Tenía que ser un poeta el que llamara a “ser jóvenes sin prisa y con memoria”, porque en la vida ocurre precisamente lo contrario. En la edad juvenil –¡quién supiera cuándo empieza y termina ese período!– se corre, se vuela, sin tener muy claro hacia dónde se enrumba la ansiedad que luce consustancial a los pocos años. Sin embargo, bien mirado, una contradicción fundamental parecería sostener las veintenas: de la holgazanería al deporte, de la lasitud al activismo, de la ley del menor esfuerzo a las grandes metas, esas podrían identificarse como las tensiones de los años de juventud.

Los jóvenes de hoy lo tienen difícil. Siguiendo con Benedetti, viven en un “mundo de paciencia y asco”. El discurso de los afanes que luego serán recompensados no puede repetirse, inmersos como estamos en el derrumbamiento de sociedades modelos, de pueblos desarrollados. ¿Qué les dirán los padres a los hijos, los maestros a los alumnos al intentar abrirle camino a los muchachos que hoy contemplan el terrible espectáculo de la paralización social, de la enfermedad, de la corrupción? ¿Se puede aspirar todavía a la famosa “educación en valores” que era un lema de los establecimientos para conseguir matriculados?

Felizmente ahora puedo expresar mi escepticismo y no tengo que pronunciar las salutaciones, exhortos y despedidas que tanto practiqué como educadora. O me faltaría imaginación para llamar a los estudiantes a unos comportamientos que parecen periclitados a costa del mal ejemplo general: hay que ganar dinero lo más pronto posible, hay que emplear lenguaje obsceno para conseguir votos, hay que salir en los medios para ser considerado un triunfador, hay que andar por la vida agrediendo y burlándose de los demás.

Hubo un tiempo en que fui testigo de lo natural que era estudiar una carrera universitaria y trabajar, contribuir con los gastos del hogar siendo todavía hijo de familia, trasladarse en transporte público, organizar en el fin de semana las diversiones y las tareas. No se iba a gimnasios porque el culto al cuerpo no había formateado los esquemas de belleza de los dos sexos, pero las reuniones y las fiestas eran irrenunciables. La humanidad siempre ha trasegado alcohol y el consumo tempranero pudo quedarse como vicio, cosa de decisión personal o del gen adictivo que se pudiera tener. La apetencia de estímulos más fuertes abrió el camino de las drogas y las convirtió en un flagelo.

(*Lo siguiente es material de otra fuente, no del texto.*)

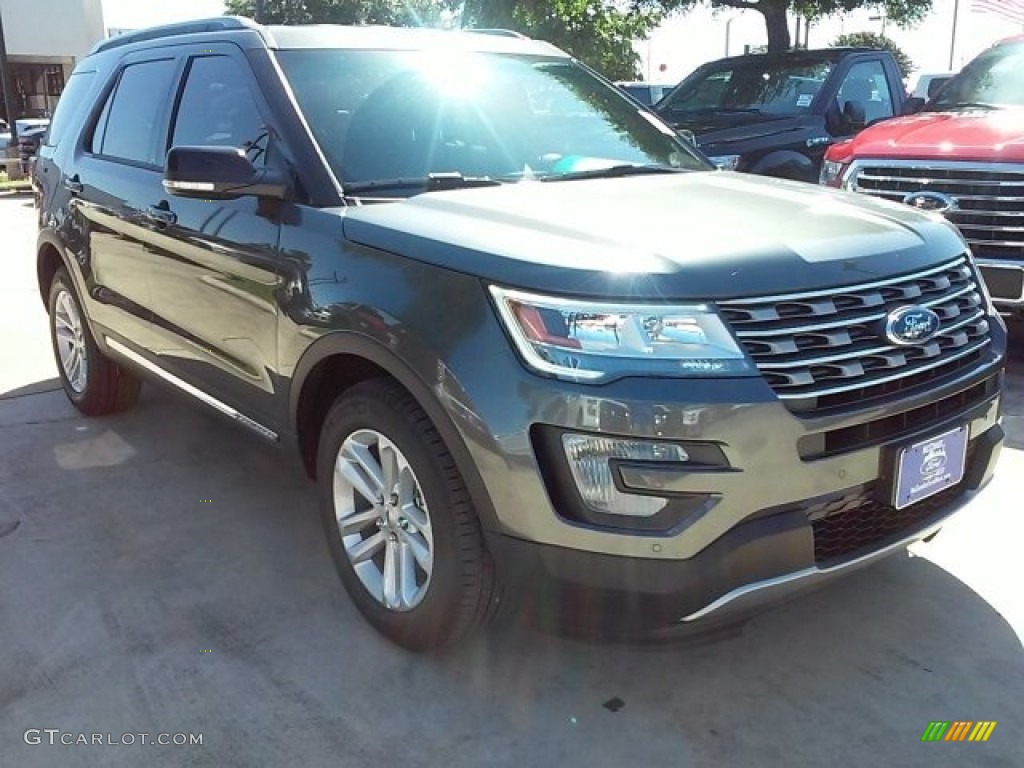 2016 Explorer XLT - Magnetic Metallic / Ebony Black photo #1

Amarrados a la tecnología, los jóvenes de hoy reducen todo lo que se conseguía por contacto humano, por dedicación lenta y disciplinada. Se tomaba apuntes en las clases, se consultaba un montón de libros, se armaba de valor para iniciar relaciones sentimentales. Alcancé a ver a estudiantes que fotografiaban los diagramas que el profesor hacía en la pizarra, se cree que Google lo enseña todo y que bastan mensajes de WhatsApp para conseguir respuesta de cualquiera. Y no se crea que reniego de una sociedad tecnologizada. Veo los cambios, me sumo a muchos de ellos. Pero he leído todo el poema ¿Qué les queda a los jóvenes? de Benedetti y el autor me convence de que los llame a la lentitud, a “descubrir las raíces del horror y a inventar la paz”, a “entenderse con la naturaleza y con los sentimientos y la muerte”. Porque “en abrir puertas entre el corazón propio y el ajeno” radica la condición humana. (O)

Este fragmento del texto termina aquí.